Re: [PATCH v11 09/13] x86, sgx: basic routines for enclave page cache

Dave Hansen <dave.hansen@xxxxxxxxx> · Fri, 8 Jun 2018 11:24:12 -0700

On 06/08/2018 10:09 AM, Jarkko Sakkinen wrote:
> SGX has a set of data structures to maintain information about the enclaves
> and their security properties. BIOS reserves a fixed size region of
> physical memory for these structures by setting Processor Reserved Memory
> Range Registers (PRMRR). This memory area is called Enclave Page Cache
> (EPC).
> 
> This commit implements the basic routines to allocate and free pages from
> different EPC banks. There is also a swapper thread ksgxswapd for EPC pages
> that gets woken up by sgx_alloc_page() when we run below the low watermark.
> The swapper thread continues swapping pages up until it reaches the high
> watermark.

Yay!  A new memory manager in arch-specific code.

> Each subsystem that uses SGX must provide a set of callbacks for EPC
> pages that are used to reclaim, block and write an EPC page.

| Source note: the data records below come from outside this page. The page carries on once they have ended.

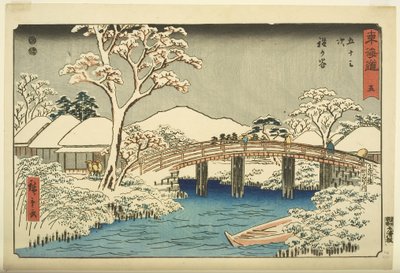 No. 5, Hodogaya: El río Katabira y el puente Katabira de Ando or Utagawa Hiroshige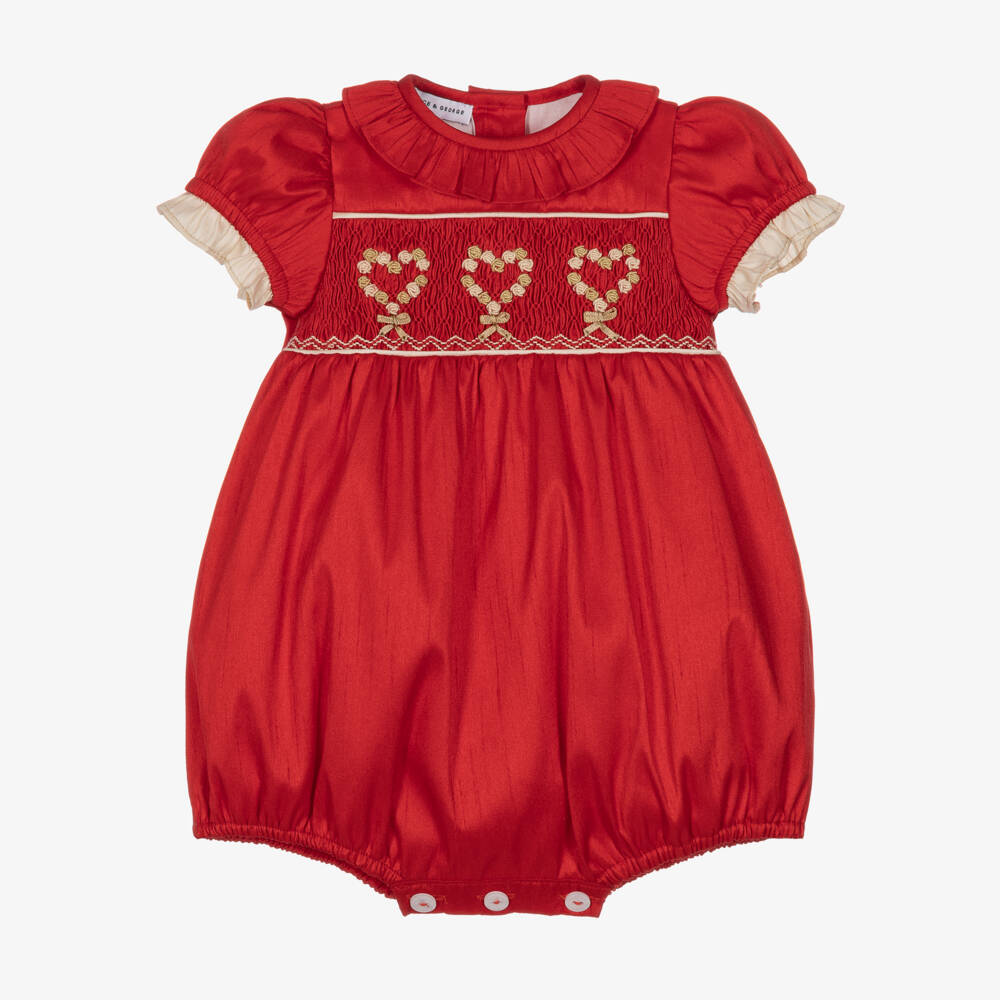 Beatrice & George-Baby Girls Red Hand-Smocked Dupion Shortie | Childrensalon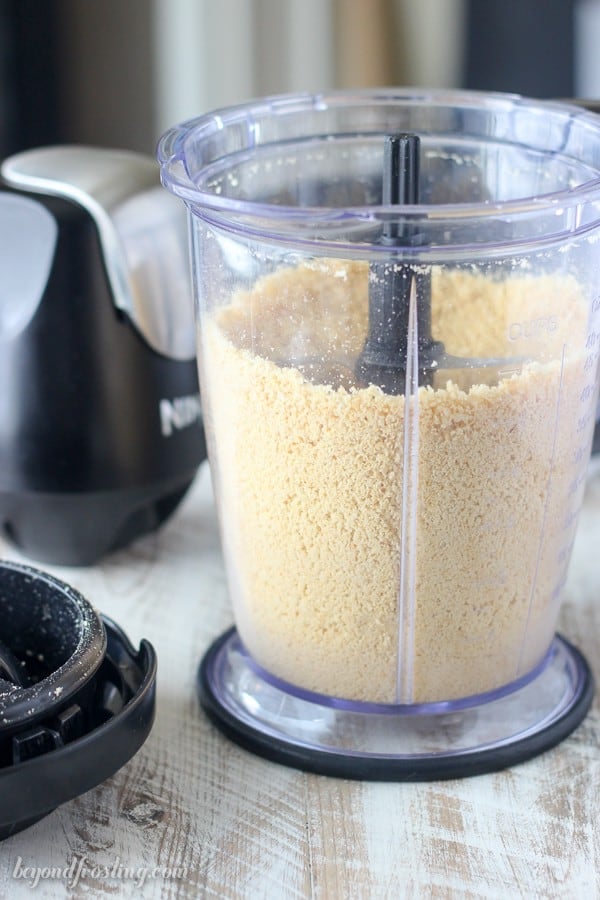 A Ninja blender with crushed Golden Oreos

Kernel
> takes the responsibility of maintaining LRU cache for them.

What does a "subsystem that uses SGX" mean?  Do we have one of those
already?

...
> +struct sgx_secs {
> +	uint64_t size;
> +	uint64_t base;
> +	uint32_t ssaframesize;
> +	uint32_t miscselect;
> +	uint8_t reserved1[SGX_SECS_RESERVED1_SIZE];
> +	uint64_t attributes;
> +	uint64_t xfrm;
> +	uint32_t mrenclave[8];
> +	uint8_t reserved2[SGX_SECS_RESERVED2_SIZE];
> +	uint32_t mrsigner[8];
> +	uint8_t	reserved3[SGX_SECS_RESERVED3_SIZE];
> +	uint16_t isvvprodid;
> +	uint16_t isvsvn;
> +	uint8_t reserved4[SGX_SECS_RESERVED4_SIZE];
> +};

This is a hardware structure, right?  Doesn't it need to be packed?

> +enum sgx_tcs_flags {
> +	SGX_TCS_DBGOPTIN	= 0x01, /* cleared on EADD */
> +};
> +
> +#define SGX_TCS_RESERVED_MASK 0xFFFFFFFFFFFFFFFEL

Would it be possible to separate out the SGX software structures from
SGX hardware?  It's hard to tell them apart.

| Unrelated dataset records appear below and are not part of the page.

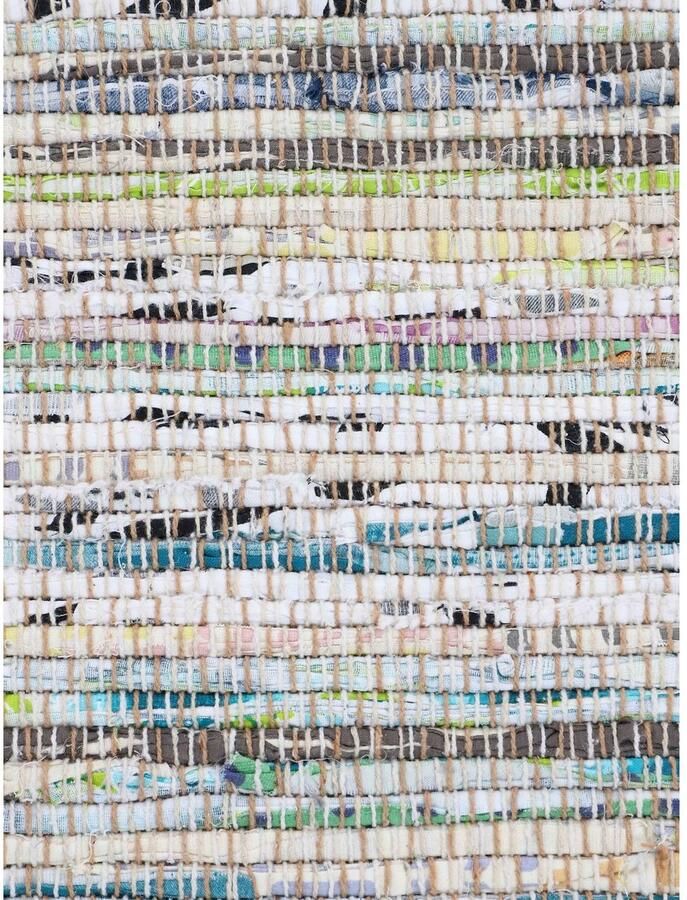 Carpetfine Vloerkleed Kelim Chindi omkeerbaar tapijt handgeweven patchwork tapijt met franjes ook verkrijgbaar in loperformaten - Foto 2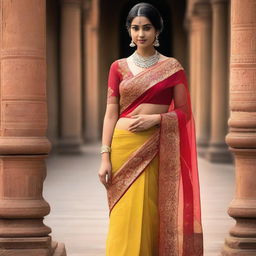 A woman wearing a transparent sari, which highlights her elegant and curvy figure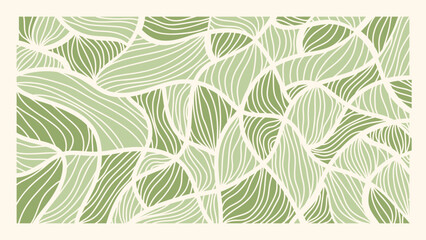 Abstract botanical art background vector. Natural hand drawn pattern design with leaves branch collage. Simple contemporary style illustrated Design for fabric, print, cover, banner, wallpaper.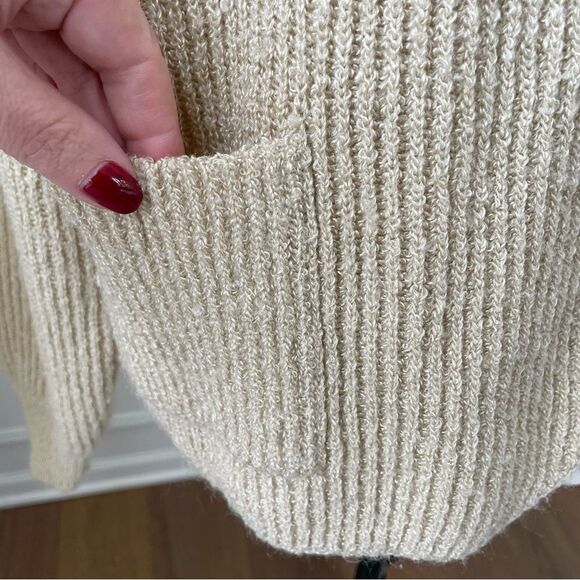 Vintage 80s Jacobson’s Boxy Crop Rib Cardigan Sweater Beige L - Picture 5 of 9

> +#define SGX_NR_TO_SCAN	16
> +#define SGX_NR_LOW_PAGES 32
> +#define SGX_NR_HIGH_PAGES 64
> +
>  bool sgx_enabled __ro_after_init = false;
>  EXPORT_SYMBOL(sgx_enabled);
> +bool sgx_lc_enabled __ro_after_init;
> +EXPORT_SYMBOL(sgx_lc_enabled);
> +atomic_t sgx_nr_free_pages = ATOMIC_INIT(0);

Hmmm, global atomic.  Doesn't sound very scalable.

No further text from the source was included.